Chairman Volcker realized that money matters, and it didn’t take him long to make his move. On Saturday, October 6, 1979, he stunned the world with an unanticipated announcement. He proclaimed that he was going to put measures of the money supply on the Fed’s dashboard. For him, it was obvious that, to restore the U.S. economy to good health, inflation would have to be wrung out. And, to kill inflation, the money supply would have to be controlled.
Volcker achieved his goal. By 1982, the annual inflation rate dropped to 3.8%—a great accomplishment. But, the problem was that the Volcker inflation squeeze brought with it a relatively short recession (less than a year) that started in January 1980, and another, more severe slump that began shortly thereafter and ended in November 1982.
Paul Volcker’s problem was that the monetary altimeter installed on his dashboard was defective. When my friend Volcker looked at his M2 gauge, he was viewing M2 data that were calculated by a simple summation of their components—the normal Fed procedure. As shown in the chart below, the Fed thought that double-digit fed funds rates that it was engineering allowed it to tap on the money-supply brakes with just the right amount of pressure. In fact, if the money supply had been measured correctly by a Divisia metric, Volcker would have realized that the Fed was not just tapping on the breaks, but unnecessarily slamming on them from 1978 until early 1982. The Fed was imposing a monetary policy that was much tighter than it thought—an excessive tightness that resulted in two recessions.
Why the huge divergences between the standard simple-sum measures of M2 that Volcker was observing and the true Divisia M2 measure? As the Fed pushed the fed funds rate up, the opportunity cost of holding cash increased. In consequence, retail money market funds and time deposits, for example, became relatively more attractive and received a lower weight when measured by a Divisia metric. Faced with a higher interest rate, people had a much stronger incentive to avoid “large” cash and checking account balances, opting to keep their funds in relatively high-yielding assets. As the fed funds rate went up, the divergence between the simple-sum and Divisia M2 measures increased.

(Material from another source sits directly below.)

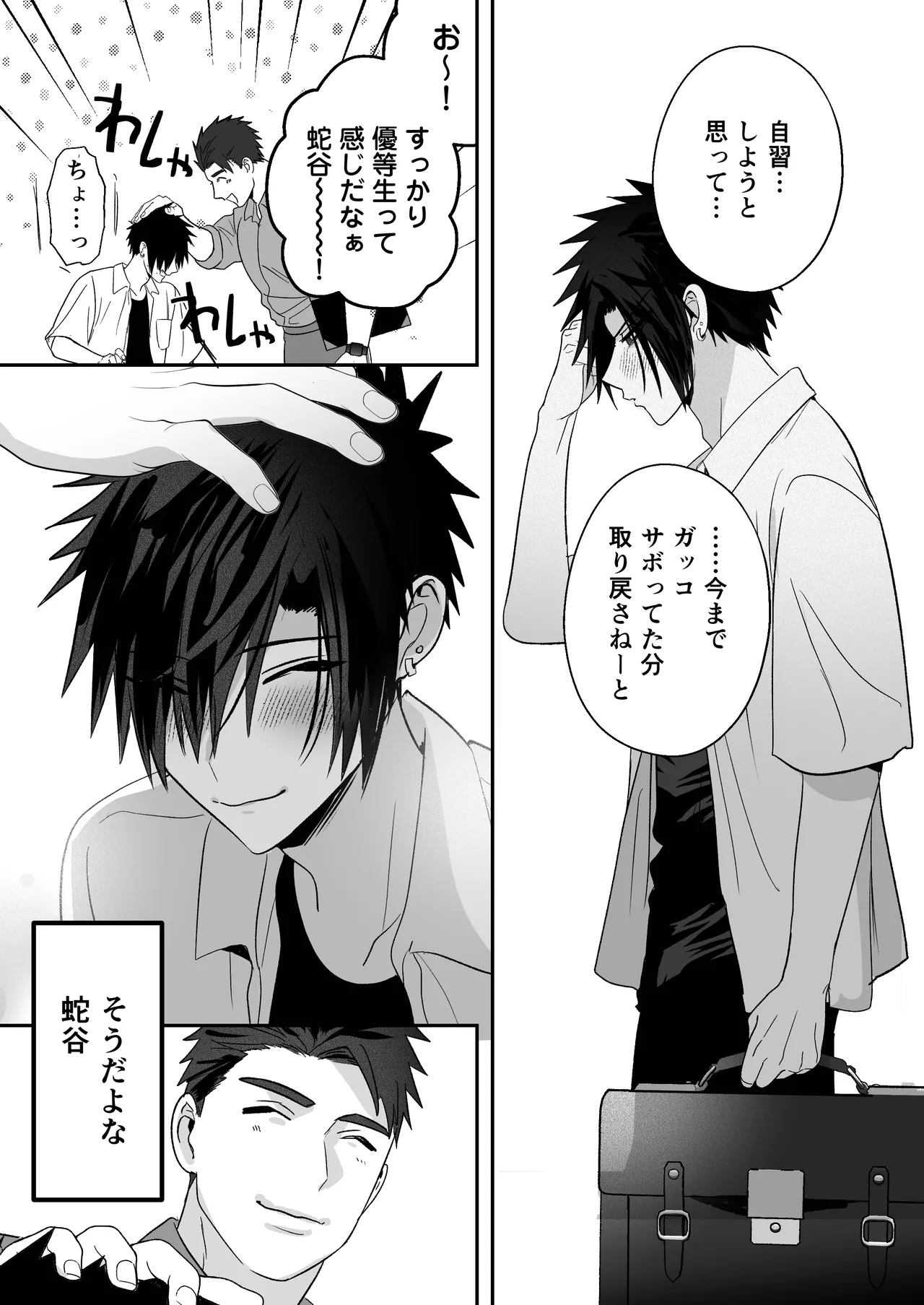 放課後の飼育～元不良のためのマゾ堕ち矯正教育～ - page61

Alas, the data problems associated with Volcker’s monetary experiment have been ignored by the Fed. Indeed, as Bill Barnett concluded in his book Getting It Wrong: How Faulty Monetary Statistics Undermine the Fed, the Financial System, and the Economy: “When more and better data were needed by the private sector, as the complexity of financial products grew, the quantity and quality of Fed data declined.” Fortunately, we have a reliable alternative for the provision of high-quality money supply data: The Center for Financial Stability.
Where are we today? As shown in the chart below, the Divisia M4 growth rate is 4.2% yr/yr. That rate is a bit weak. Indeed, it is lower than it has been during the past year, and it is also below its trend rate for the past 30 years of 4.9%. This suggests that the Fed’s balance sheet unwind has resulted in a somewhat “tight” monetary stance.
If we turn to aggregate demand measured in nominal terms, it is holding up rather well (see the chart below). At a 5.65% yr/yr rate, nominal aggregate demand, as measured by final sales to domestic purchases, is above its 30-year trend rate of 4.82%. So for now, things look pretty good. But, a monetary storm cloud would develop if the Fed were to misstep and slip into a quantitative tightening mode. Without Divisa M4 on the Fed’s dashboard, the Fed might not realize the storm forming on the horizon.